■ **About this exercise**: An exact, line-by-line copy is needed, beginning at the line with "Бетонщик вахта" and ending at the last line of the listing below.

■ **Source records**:
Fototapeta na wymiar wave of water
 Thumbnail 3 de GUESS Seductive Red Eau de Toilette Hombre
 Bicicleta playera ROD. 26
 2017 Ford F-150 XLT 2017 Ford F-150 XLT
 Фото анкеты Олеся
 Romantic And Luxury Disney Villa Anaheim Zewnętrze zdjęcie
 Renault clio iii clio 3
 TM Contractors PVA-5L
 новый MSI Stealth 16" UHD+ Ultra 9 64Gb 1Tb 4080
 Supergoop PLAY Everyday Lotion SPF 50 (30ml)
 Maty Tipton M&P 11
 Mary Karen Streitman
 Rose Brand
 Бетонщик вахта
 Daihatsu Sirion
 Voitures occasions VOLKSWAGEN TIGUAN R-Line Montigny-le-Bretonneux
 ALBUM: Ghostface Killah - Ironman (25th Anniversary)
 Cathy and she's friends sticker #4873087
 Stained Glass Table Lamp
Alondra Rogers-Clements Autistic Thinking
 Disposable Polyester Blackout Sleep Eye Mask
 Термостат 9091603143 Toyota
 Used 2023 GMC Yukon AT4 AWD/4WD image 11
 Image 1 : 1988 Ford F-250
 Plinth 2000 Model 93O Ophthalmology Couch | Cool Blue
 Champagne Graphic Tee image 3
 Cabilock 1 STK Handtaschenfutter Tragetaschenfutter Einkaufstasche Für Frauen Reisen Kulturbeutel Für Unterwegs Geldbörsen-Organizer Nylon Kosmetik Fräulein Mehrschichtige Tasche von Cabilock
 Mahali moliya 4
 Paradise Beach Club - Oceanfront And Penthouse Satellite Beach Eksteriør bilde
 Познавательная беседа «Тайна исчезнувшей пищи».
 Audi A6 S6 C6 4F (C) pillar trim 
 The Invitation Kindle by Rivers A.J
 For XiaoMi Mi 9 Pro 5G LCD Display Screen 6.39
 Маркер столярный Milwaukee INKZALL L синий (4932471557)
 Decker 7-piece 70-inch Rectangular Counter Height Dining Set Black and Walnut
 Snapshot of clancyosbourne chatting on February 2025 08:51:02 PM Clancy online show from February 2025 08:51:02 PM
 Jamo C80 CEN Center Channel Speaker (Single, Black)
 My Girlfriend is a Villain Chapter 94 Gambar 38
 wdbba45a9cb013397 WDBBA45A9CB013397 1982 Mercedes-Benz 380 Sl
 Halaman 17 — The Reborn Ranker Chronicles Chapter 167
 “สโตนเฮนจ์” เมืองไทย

■ **Written answer**:
 Бетонщик вахта
 Daihatsu Sirion
 Voitures occasions VOLKSWAGEN TIGUAN R-Line Montigny-le-Bretonneux
 ALBUM: Ghostface Killah - Ironman (25th Anniversary)
 Cathy and she's friends sticker #4873087
 Stained Glass Table Lamp
Alondra Rogers-Clements Autistic Thinking
 Disposable Polyester Blackout Sleep Eye Mask
 Термостат 9091603143 Toyota
 Used 2023 GMC Yukon AT4 AWD/4WD image 11
 Image 1 : 1988 Ford F-250
 Plinth 2000 Model 93O Ophthalmology Couch | Cool Blue
 Champagne Graphic Tee image 3
 Cabilock 1 STK Handtaschenfutter Tragetaschenfutter Einkaufstasche Für Frauen Reisen Kulturbeutel Für Unterwegs Geldbörsen-Organizer Nylon Kosmetik Fräulein Mehrschichtige Tasche von Cabilock
 Mahali moliya 4
 Paradise Beach Club - Oceanfront And Penthouse Satellite Beach Eksteriør bilde
 Познавательная беседа «Тайна исчезнувшей пищи».
 Audi A6 S6 C6 4F (C) pillar trim 
 The Invitation Kindle by Rivers A.J
 For XiaoMi Mi 9 Pro 5G LCD Display Screen 6.39
 Маркер столярный Milwaukee INKZALL L синий (4932471557)
 Decker 7-piece 70-inch Rectangular Counter Height Dining Set Black and Walnut
 Snapshot of clancyosbourne chatting on February 2025 08:51:02 PM Clancy online show from February 2025 08:51:02 PM
 Jamo C80 CEN Center Channel Speaker (Single, Black)
 My Girlfriend is a Villain Chapter 94 Gambar 38
 wdbba45a9cb013397 WDBBA45A9CB013397 1982 Mercedes-Benz 380 Sl
 Halaman 17 — The Reborn Ranker Chronicles Chapter 167
 “สโตนเฮนจ์” เมืองไทย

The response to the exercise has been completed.